Great Musicians

Poster

Great Musicians: Generate Classical and Jazz Music with LSTM and Transformer

Who

Haidong Qi(hqi9), Ruigang Yao(ryao9), Yuan Fang(yfang31), Yucheng Ma(yma150)

Introduction

Classical music is the treasure of human culture. Can we generate music based on the masterpieces left by the great musicians? Music is fundamentally a sequence of notes, which is a perfect data format for deep learning. For this project, we plan to propose a music generation network capable of generating different styles of music, including baroque, romantic and jazz.

Related Work

Music is basically a sequence of notes. Thus sequence models have been the canonical choice for modeling music, from RNNs to Long Short Term Memory networks, to bidirectional LSTMs. Piano rolls are also image-like and can be modeled by CNNs trained either as generative adversarial networks or as orderless NADEs.

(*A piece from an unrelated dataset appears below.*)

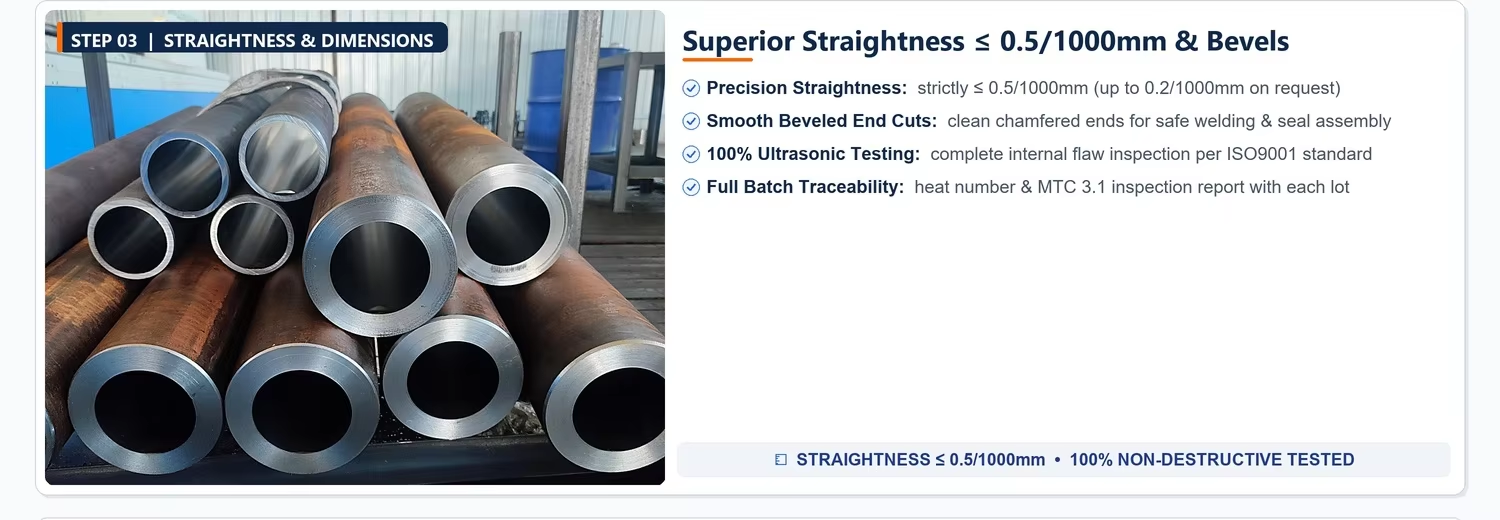 Deep Hole Bored 16Mn ST52 E355 Q345B 1045 42CrMo Honed Tube High Precision ISO H8 Ra 0.4um Cold Drawn Seamless Cylinder Barrel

We will break down this project into multiple steps. We will try to employ RNNs such as GRU and LSTM to build up the network first. And then we will try to incorporate state-of-the-art Transformer as the backend sequential processor. Our work will follow this paper’s idea: link . This paper proposed a Transformer with modified relative attention mechanism can generate minute-long compositions (thousands of steps) with compelling structure.

Data

We will train our network with different music datasets, from classical piano to jazz music, to test the generalization of the model to different styles. The datasets we will use includes classical music dataset http://www.piano-midi.de/, and jazz dataset: https://bushgrafts.com/midi/

Methodology

We will break down this project into multiple steps. We will try to employ RNNs such as GRU and LSTM to build up the network first. And then we will try to incorporate state-of-the-art Transformer as the backend sequential processor. Looking back, the professor introduced sequence to sequence technique in Machine Translation, where we have an encoder gathering context information and a decoder predicting the next word. We also have attention to provide a mechanism when generating a new word, but only pay attention to some specific sequences. That sounds pretty similar to composing music. In well-composed music, notes are divided into different bars. A bar may be relevant to some specific bar before it and there is a pattern. So probably we can apply this technique to music generation.

Metrics

We will use perplexity and SparseCategoricalAccuracy as our metrics.

Ethics

Why is Deep Learning a good approach to this problem?

Music generation using deep learning techniques has been a topic of interest for the past two decades. Music proves to be a different challenge compared to images, among three main dimensions: Firstly, music is temporal, with a hierarchical structure with dependencies across time. Secondly, music consists of multiple instruments that are interdependent and unfold across time. Thirdly, music is grouped into chords, arpeggios and melodies — hence each time-step may have multiple outputs.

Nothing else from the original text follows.